** Dataset excerpts follows **

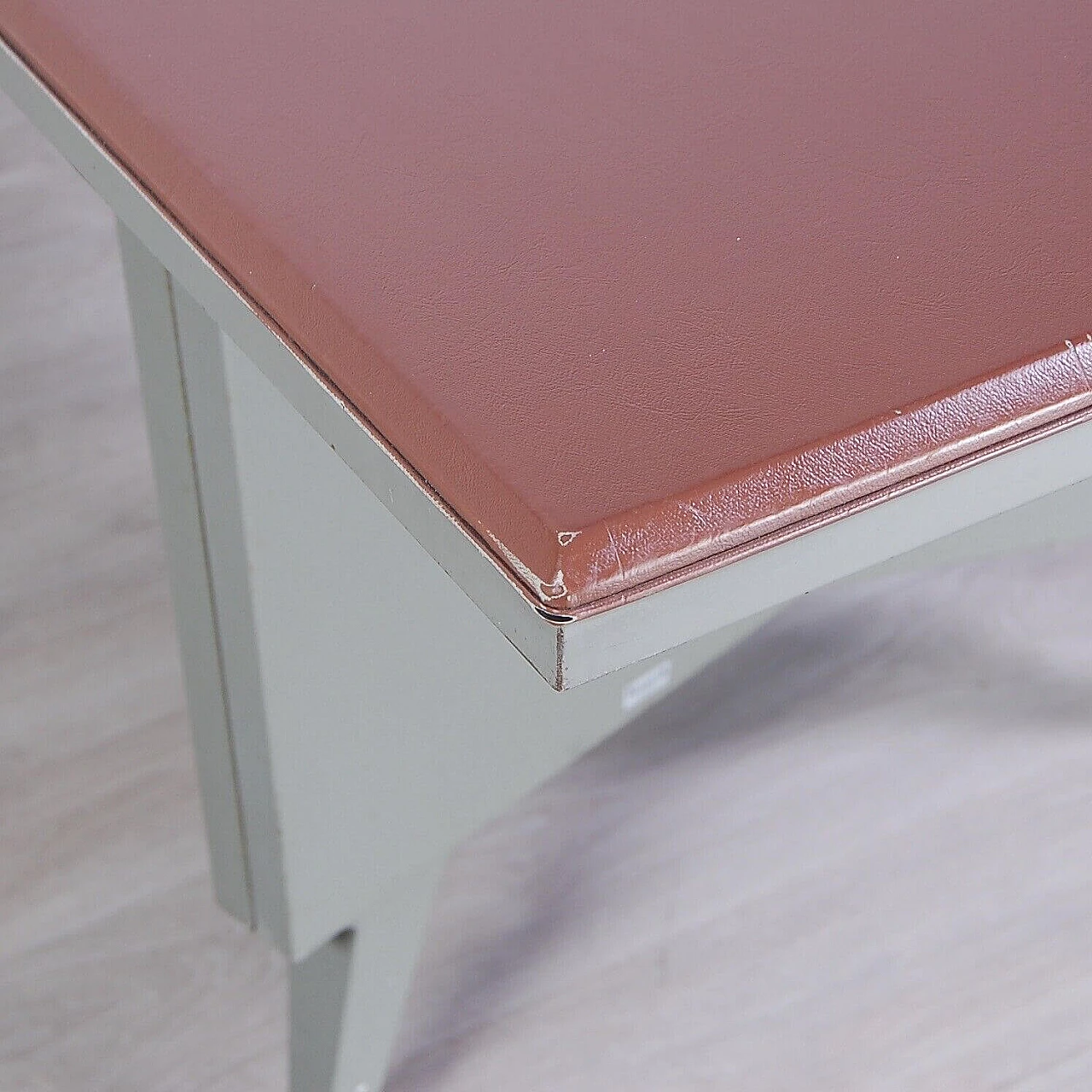 Gray enameled iron and brown skai desk, 1970s 10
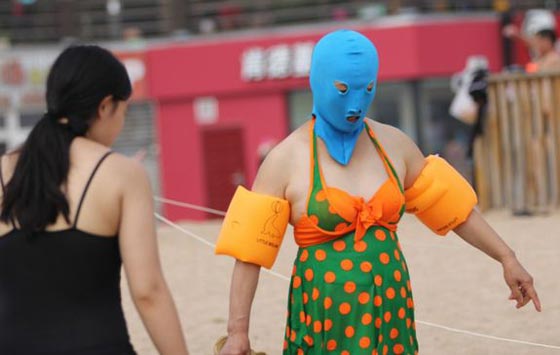 بعيدا عن الكريم.. نساء الصين يقاومن اشعة البحر باقنعة غير عادية صورة رقم 3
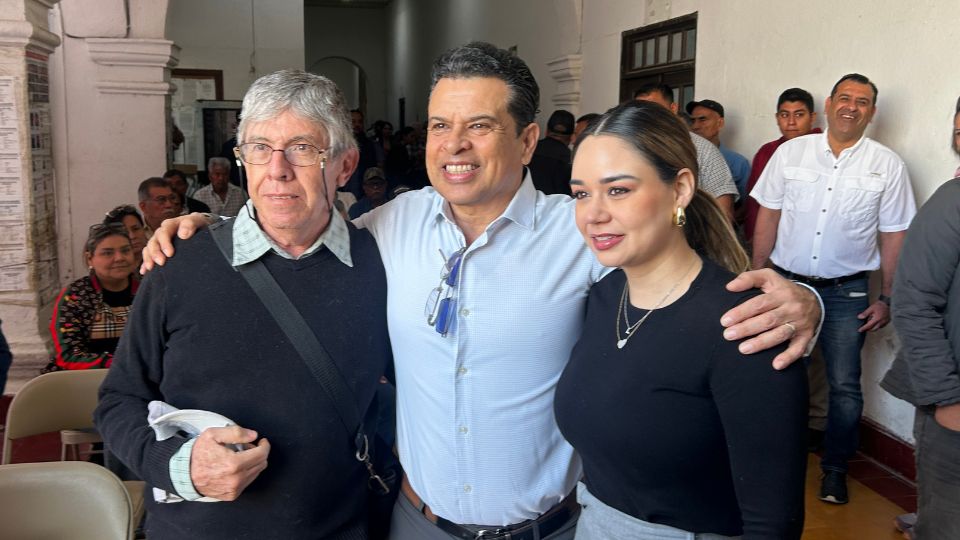 Eduardo Abraham Gattas (centro) supervisa pago del predial en Ciudad Victoria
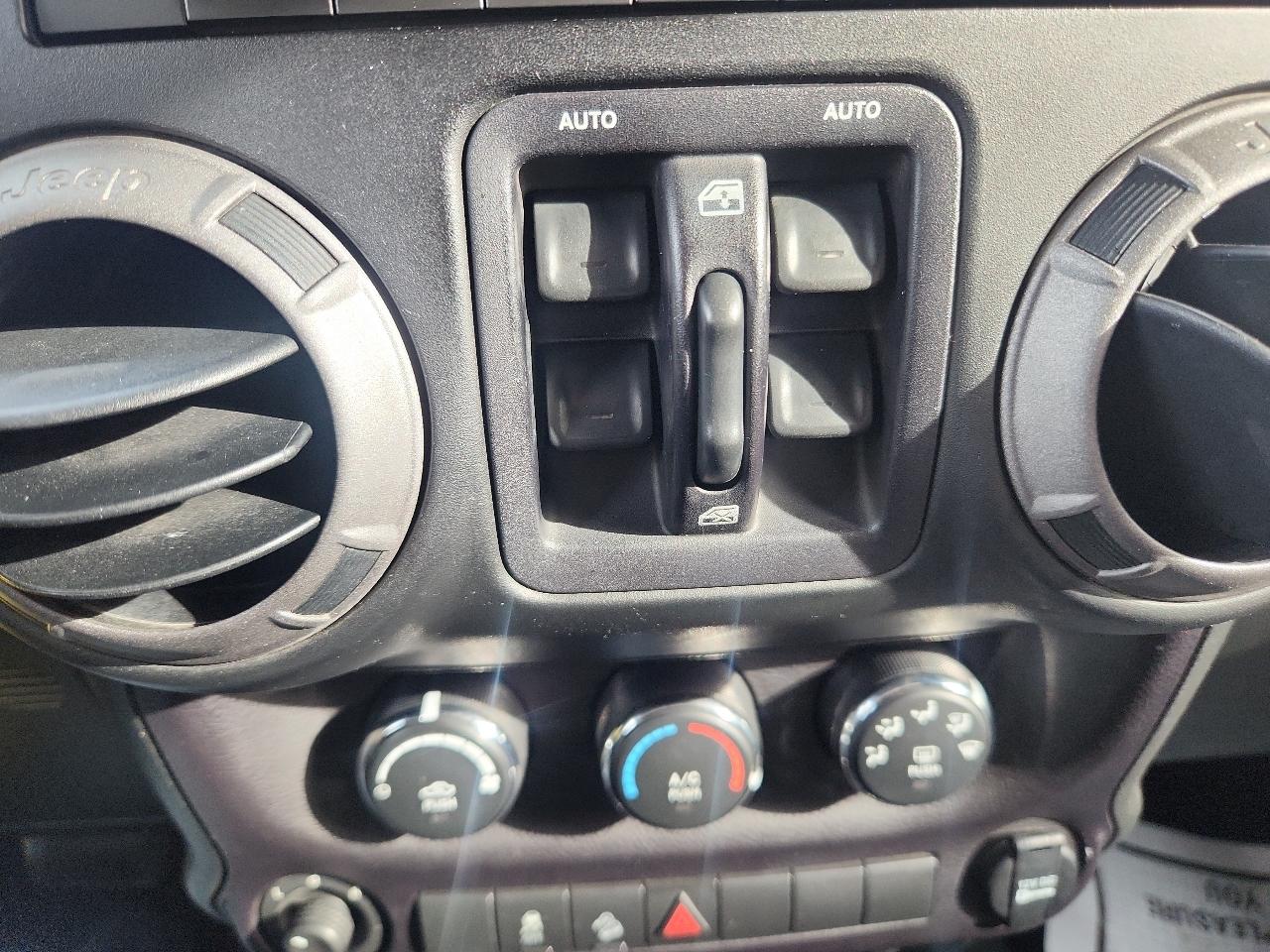 Jeep Wrangler Unlimited 4WD 4dr Sport 2015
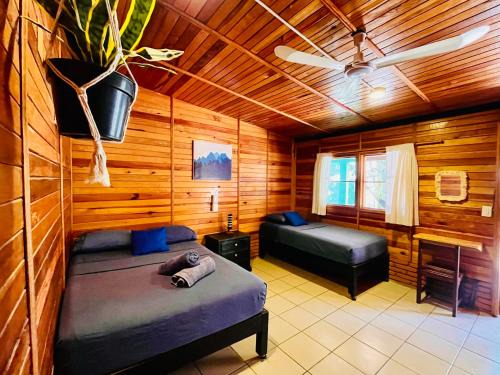 Brisas de Zicatela Hotel | Wasi la Punta 4 Starlink 2min walk to the beach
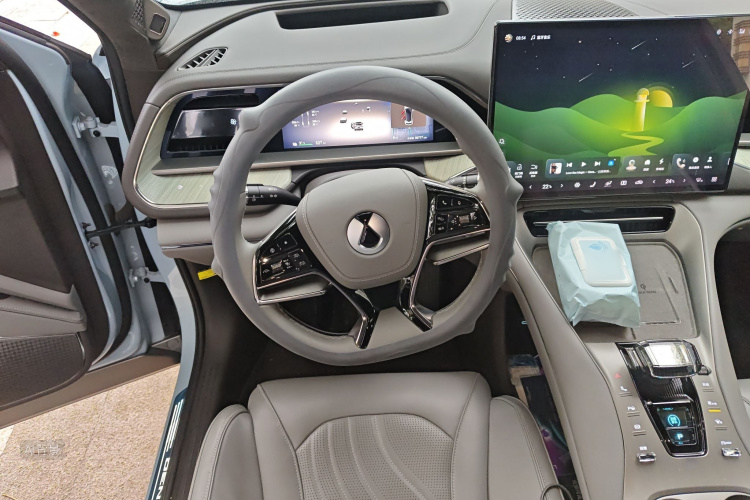 Denza N7 2023 car image #12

** End of Dataset excerpts **

◆ What the exercise asks: The answer is the entries above, given again exactly, with no pictures among them.

◆ Answer to this task:
 Gray enameled iron and brown skai desk, 1970s 10
 بعيدا عن الكريم.. نساء الصين يقاومن اشعة البحر باقنعة غير عادية صورة رقم 3
 Eduardo Abraham Gattas (centro) supervisa pago del predial en Ciudad Victoria
 Jeep Wrangler Unlimited 4WD 4dr Sport 2015
 Brisas de Zicatela Hotel | Wasi la Punta 4 Starlink 2min walk to the beach
 Denza N7 2023 car image #12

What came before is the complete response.